Friday, January 17, 2020

Always Something

My first eight or so years out here I made the same mistake every year. For 30 plus years I did financials for my various companies, mostly indoor soccer. The goal always was to have your facility finish in the black, positive cash flow. In the red, was negative cash flow. You don't want that.

Every time there was a dead battery needed jumping I'd get the cables out, put them on my vehicle right, but the vehicle I was jumping I'd put the red cable on the negative and the black on the positive and immediately hear a popping sound when I fried the battery. I went through a lot of fried batteries. You can take the guy out of the financials, but you can't take the financials out of the guy. There's a dog one like that too.

Well I finally got it right and it's been three or five years maybe since I fried a battery. Then I got the boot issue solved by buying three pair of every kind of boot and then if one right or left wore out I'd have an extra of the other. Sort of four pair of boots for the price of three.
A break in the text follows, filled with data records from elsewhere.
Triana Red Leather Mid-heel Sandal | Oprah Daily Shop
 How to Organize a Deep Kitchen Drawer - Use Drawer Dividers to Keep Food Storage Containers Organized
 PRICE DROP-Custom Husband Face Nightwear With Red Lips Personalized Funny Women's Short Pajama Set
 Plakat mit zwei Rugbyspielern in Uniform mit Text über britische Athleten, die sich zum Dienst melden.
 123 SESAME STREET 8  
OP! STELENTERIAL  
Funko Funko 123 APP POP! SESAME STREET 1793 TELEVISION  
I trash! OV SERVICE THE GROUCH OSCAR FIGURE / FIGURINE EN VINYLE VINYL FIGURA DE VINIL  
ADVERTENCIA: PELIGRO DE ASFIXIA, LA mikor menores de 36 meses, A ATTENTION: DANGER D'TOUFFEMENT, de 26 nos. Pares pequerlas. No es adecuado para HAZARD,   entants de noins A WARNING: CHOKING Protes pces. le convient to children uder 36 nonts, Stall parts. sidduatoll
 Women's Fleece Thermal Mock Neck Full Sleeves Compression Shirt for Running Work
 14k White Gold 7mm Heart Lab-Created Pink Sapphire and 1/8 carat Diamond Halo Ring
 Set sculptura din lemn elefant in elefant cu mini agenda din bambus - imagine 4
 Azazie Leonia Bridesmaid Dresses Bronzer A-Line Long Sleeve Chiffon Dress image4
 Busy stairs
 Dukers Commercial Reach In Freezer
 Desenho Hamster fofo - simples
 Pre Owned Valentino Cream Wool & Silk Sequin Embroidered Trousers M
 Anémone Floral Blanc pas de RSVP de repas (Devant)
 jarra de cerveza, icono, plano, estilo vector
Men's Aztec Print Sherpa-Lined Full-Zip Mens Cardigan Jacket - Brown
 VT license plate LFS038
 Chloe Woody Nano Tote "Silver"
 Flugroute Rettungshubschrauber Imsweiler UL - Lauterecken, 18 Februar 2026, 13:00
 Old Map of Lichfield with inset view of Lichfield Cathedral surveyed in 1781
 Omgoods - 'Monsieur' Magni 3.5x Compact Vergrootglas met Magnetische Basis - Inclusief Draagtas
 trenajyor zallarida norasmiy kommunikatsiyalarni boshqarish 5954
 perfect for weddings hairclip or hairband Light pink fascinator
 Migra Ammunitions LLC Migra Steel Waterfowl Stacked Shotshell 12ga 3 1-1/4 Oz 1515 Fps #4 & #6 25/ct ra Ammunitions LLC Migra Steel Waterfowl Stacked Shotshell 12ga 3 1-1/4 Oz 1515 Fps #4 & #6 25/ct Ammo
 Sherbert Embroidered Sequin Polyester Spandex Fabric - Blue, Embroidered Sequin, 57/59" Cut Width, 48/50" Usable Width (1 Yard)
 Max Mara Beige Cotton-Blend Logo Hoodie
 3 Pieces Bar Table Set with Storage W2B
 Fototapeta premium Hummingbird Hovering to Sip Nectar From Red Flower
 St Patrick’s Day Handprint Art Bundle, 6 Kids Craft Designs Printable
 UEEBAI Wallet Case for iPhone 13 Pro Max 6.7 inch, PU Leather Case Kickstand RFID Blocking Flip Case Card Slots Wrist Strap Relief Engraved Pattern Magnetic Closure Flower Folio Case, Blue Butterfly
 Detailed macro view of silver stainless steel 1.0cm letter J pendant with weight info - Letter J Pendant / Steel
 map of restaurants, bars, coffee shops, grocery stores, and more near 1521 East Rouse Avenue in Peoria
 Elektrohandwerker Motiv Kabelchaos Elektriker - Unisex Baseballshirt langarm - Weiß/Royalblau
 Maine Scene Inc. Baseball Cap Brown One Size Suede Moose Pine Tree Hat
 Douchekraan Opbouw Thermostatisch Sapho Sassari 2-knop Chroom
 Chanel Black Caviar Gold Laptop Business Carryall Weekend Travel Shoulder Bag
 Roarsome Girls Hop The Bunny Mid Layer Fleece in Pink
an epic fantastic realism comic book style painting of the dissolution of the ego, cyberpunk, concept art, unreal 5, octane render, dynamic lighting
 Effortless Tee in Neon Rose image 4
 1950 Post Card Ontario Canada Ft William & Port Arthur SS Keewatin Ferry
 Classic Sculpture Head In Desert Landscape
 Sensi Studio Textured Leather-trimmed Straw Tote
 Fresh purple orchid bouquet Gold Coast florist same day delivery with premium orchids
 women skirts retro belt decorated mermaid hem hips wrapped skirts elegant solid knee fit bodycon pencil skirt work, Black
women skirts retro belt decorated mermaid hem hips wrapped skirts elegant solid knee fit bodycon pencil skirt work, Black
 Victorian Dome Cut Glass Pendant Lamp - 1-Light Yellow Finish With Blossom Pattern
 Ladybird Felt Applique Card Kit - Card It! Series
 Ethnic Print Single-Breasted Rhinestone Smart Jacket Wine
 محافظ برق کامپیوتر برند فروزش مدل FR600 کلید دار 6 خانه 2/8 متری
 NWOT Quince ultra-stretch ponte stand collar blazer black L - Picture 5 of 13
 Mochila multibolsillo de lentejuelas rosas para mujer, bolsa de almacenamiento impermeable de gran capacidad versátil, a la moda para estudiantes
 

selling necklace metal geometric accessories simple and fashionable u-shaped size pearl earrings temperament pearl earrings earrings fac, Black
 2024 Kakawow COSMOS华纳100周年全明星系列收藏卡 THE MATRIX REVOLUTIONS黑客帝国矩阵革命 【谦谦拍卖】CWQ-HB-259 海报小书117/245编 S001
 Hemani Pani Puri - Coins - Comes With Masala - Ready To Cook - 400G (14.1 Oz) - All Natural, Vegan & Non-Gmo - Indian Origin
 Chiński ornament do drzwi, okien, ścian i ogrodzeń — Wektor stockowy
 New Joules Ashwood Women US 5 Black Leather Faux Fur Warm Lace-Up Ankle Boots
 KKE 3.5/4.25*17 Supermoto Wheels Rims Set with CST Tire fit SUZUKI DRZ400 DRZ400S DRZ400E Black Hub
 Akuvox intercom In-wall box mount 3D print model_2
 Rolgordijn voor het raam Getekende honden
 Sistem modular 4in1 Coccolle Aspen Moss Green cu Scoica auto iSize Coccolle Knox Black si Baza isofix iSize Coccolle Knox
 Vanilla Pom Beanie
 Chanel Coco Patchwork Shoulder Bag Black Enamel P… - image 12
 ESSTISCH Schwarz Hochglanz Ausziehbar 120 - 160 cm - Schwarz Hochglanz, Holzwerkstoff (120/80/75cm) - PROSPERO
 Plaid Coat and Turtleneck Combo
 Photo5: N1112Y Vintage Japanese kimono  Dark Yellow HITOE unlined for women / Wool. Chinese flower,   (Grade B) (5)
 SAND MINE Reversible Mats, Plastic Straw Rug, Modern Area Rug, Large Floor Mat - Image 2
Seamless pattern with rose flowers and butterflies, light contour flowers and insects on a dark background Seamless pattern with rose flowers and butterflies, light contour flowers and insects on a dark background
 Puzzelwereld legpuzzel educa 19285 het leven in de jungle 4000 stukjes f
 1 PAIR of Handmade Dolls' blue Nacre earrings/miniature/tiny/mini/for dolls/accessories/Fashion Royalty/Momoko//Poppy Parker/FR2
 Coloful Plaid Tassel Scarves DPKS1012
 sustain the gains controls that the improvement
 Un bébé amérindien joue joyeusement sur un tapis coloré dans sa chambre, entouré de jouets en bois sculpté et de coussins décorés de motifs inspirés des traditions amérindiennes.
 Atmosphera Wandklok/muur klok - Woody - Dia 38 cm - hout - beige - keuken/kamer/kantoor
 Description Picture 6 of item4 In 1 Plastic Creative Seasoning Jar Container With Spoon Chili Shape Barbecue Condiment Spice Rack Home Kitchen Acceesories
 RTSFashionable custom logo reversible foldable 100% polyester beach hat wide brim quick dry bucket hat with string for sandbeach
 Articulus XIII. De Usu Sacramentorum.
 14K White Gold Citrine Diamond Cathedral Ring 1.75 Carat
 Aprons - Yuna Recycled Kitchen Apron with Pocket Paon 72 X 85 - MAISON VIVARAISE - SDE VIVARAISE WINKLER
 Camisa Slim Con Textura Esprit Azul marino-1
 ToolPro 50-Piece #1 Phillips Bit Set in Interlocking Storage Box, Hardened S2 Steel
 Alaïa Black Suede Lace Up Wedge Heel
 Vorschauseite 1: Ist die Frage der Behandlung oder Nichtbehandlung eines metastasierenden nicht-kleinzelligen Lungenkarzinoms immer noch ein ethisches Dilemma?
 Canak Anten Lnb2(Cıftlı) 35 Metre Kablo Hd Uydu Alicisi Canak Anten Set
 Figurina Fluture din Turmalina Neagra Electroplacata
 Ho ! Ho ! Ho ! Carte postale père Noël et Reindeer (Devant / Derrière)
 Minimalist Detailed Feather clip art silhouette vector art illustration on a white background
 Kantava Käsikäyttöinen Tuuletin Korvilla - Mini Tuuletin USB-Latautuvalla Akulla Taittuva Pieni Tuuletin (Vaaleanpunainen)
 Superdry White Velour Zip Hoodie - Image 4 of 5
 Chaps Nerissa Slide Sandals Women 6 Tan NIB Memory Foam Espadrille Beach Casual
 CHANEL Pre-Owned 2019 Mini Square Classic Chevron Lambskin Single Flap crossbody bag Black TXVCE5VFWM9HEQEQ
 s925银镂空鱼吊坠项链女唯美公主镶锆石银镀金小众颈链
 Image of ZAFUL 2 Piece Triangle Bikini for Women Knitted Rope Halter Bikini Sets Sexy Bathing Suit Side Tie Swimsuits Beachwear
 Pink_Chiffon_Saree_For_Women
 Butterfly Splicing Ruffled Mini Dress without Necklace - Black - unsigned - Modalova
Now it's gloves. I've picked up so many little cactus in my fingers, really little ones that you don't even know they are there until you type P or Q on the keyboard. Then it's a headlamp, magnifying glass, and tweezers to get them out.

So I bought gloves, lots of them, same kind. Once they make a good gloves and you buy them they last forever so sales go down and they don't make them anymore or order them anymore then I have to find alternative places to buy them.

When I get out on the property I almost always wind up taking them off because whatever I'm doing requires more delicacy or grip than the gloves can give me. Then I forget and leave them. I find them days, weeks, or months later next time I'm at that site working on whatever. One time I was out hiking and had to go to the bathroom, dug a hole with my boot, and then buried it. Three months later when I was out hiking in that area again I found a pair of my gloves right next to the burial site.

I keep a pair in the Jeep, the truck, the small garage, and two in the lodge. After three days out working around the property digging up weeds and repairing stuff I got back to the lodge and when I unloaded everything I only had one pair of gloves left. I don't know how I did this and I'm pretty sure I don't want to try and figure it out.